* [Work item]
Leave out the pictures, then output the lines of the records below from the first through the one containing "Jimmy Choo Black".

········

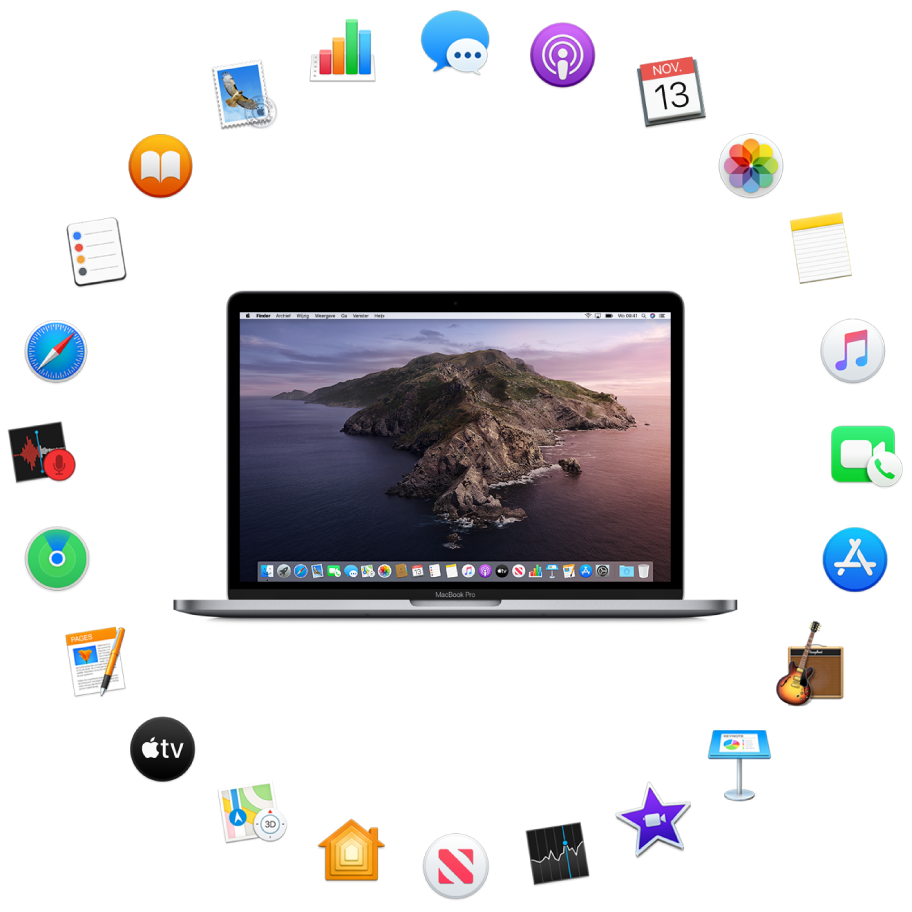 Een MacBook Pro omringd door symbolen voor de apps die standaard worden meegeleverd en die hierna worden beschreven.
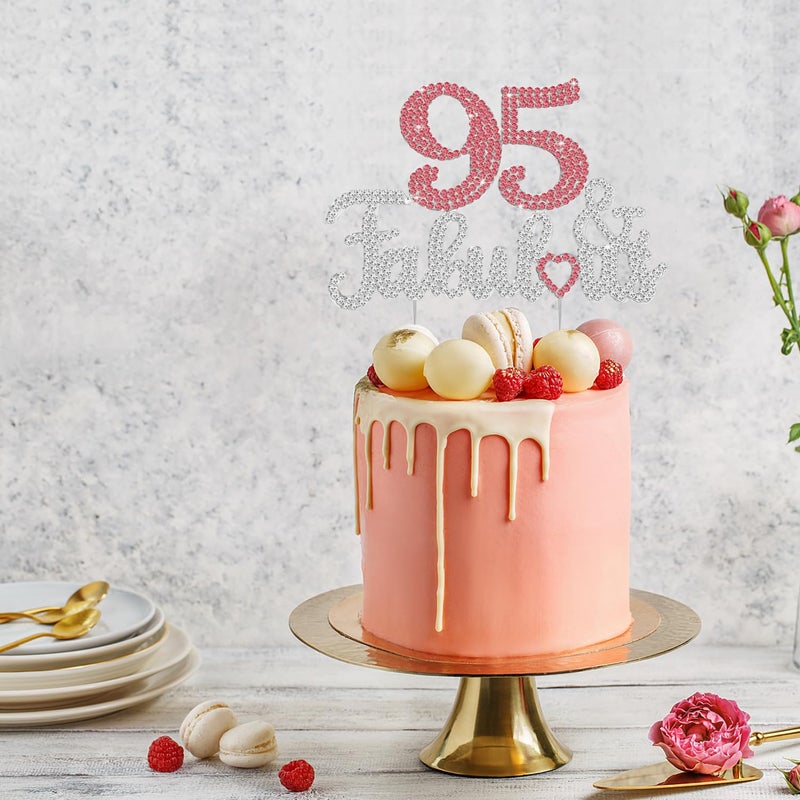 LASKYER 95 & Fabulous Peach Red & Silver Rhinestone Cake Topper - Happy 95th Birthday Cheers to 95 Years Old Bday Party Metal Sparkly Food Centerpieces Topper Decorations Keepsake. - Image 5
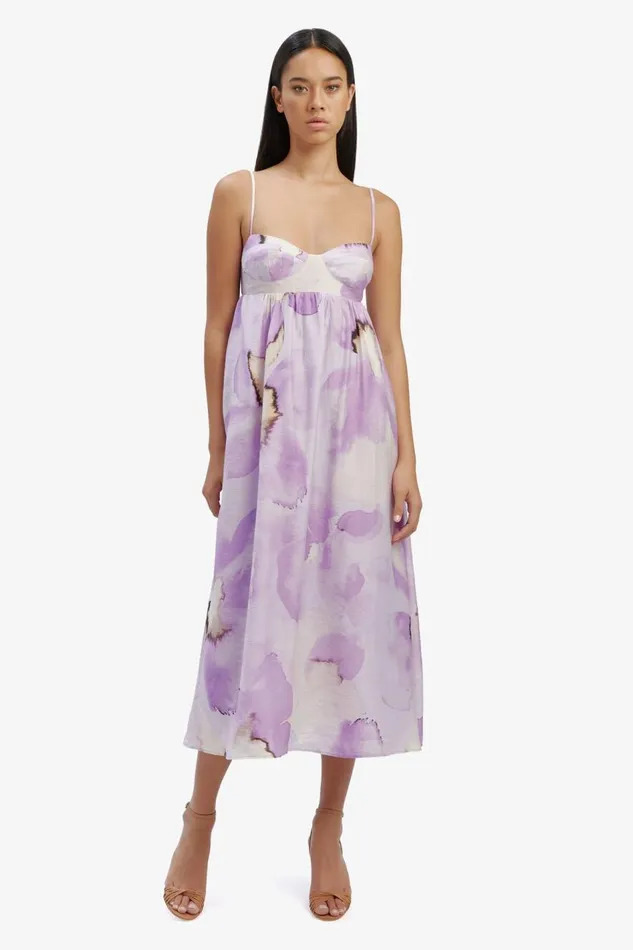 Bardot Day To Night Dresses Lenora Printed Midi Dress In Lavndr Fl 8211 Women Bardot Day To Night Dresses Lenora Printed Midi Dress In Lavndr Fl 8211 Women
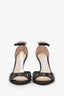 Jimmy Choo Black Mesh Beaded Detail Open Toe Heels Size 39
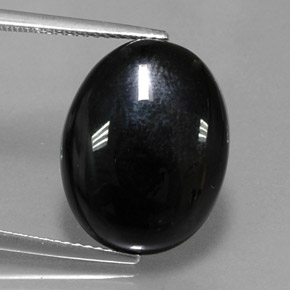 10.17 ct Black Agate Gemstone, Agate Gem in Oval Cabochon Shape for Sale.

········

* [Output of the exercise]
 Een MacBook Pro omringd door symbolen voor de apps die standaard worden meegeleverd en die hierna worden beschreven.
 LASKYER 95 & Fabulous Peach Red & Silver Rhinestone Cake Topper - Happy 95th Birthday Cheers to 95 Years Old Bday Party Metal Sparkly Food Centerpieces Topper Decorations Keepsake. - Image 5
 Bardot Day To Night Dresses Lenora Printed Midi Dress In Lavndr Fl 8211 Women Bardot Day To Night Dresses Lenora Printed Midi Dress In Lavndr Fl 8211 Women
 Jimmy Choo Black Mesh Beaded Detail Open Toe Heels Size 39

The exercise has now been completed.